Sent by his foster father to Charlottesville, Virginia, there is now evidence that Edgar had become a 'serious' drinker. He had no resistance to alcohol...since he was of a markedly manic depressive type, this excitement would certainly be followed by depression...Poe was an extremely 'unstable creature'. The rest of Mankowitz's biography reads like one of Edgar's own horror stories. In addition to his copious bouts of drinking, Edgar had now added usage of laudanum (opium). Out of this cocktail, and allied with his own morbid character, came a succession of poems and stories now regarded as Classics of their genre included. The Gold Bug; Ms Found in a Bottle; Tales of the Folio Club are full of opiate fantasies; The Narrative of Arthur Gordon Pym, Edgar's single long work; The Fall of the House of Usher; The Devil in the Belfry; The Murders in the Rue Morgue; The Mystery of Marie Roget; A Descent into the Maelstrom; The Masque of the Red Death - the emblematic story of Edgar's destined subjection to tuberculosis; The Tell-Tale Heart; The Pit and the Pendulum. And his poems, such as Al Aaraaf, Lenore, The Conqueror Worm, Ulalume and, the most famous, The Raven.

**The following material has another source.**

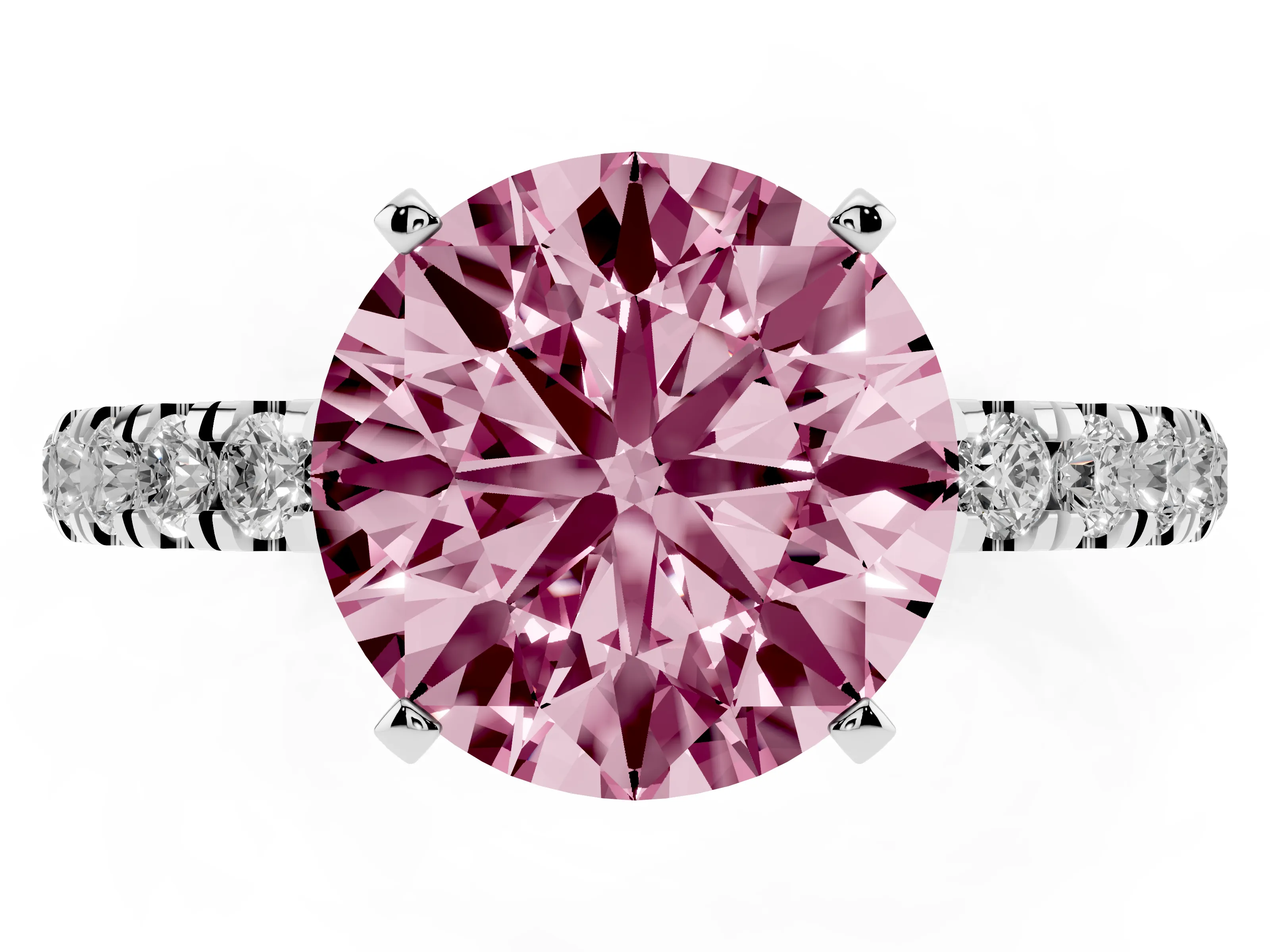 Fancy Pink Round Cut Diamond Solitaire Ring Set in Platinum with Pavé Accents and Prong Setting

John Allan (now married to a second wife, who hated Edgar) continued to be totally mean spirited. At his death, in 1834, he had left nothing to Edgar in his Will. During the 1840's Edgar was also spiralling towards his own demise. One of the strangest episodes in his life was his marriage to his thirteen-year old cousin, Virginia. The marriage bond of Edgar and Virginia, dated 16 May 1836, stated that Virginia to be 'of the full age of twenty-one years'! Her mother, Maria Clemm, became Poe's third 'mother' and, as far as she was able, tried to keep him on the straight and narrow. His evil genius ensured he meandered widely. When Virginia died, coughing, choking and smothering herself, on 30 January 1847, Edgar was in a state of collapse. He remained numb for several weeks.  He had just two years to live. Regularly inebriated, he was unable to fulfil engagements to read his works; he was a confused and tortured soul. Exhausted and depressed, all this planning and work seemed, once again, to be coming to nothing. His heartbeat was erratic, and he complained of a headache that lasted for months. These symptoms. and the 'brain fever' from which he suffered from time to time, would seem to have been symptomatic of the lesion of the brain discovered after his death.

Finally, on arrival at Baltimore to give a talk, he was already intoxicated. Further drinking bouts followed  He collapsed; a Doctor Snodgrass was sent for, who noted Edgar's appearance: His face was haggard, not to say bloated, his hair unkempt and his whole physique repulsive... No wonder, on the morning of 7 October 1849, he whispered 'Lord help my poor soul' and expired.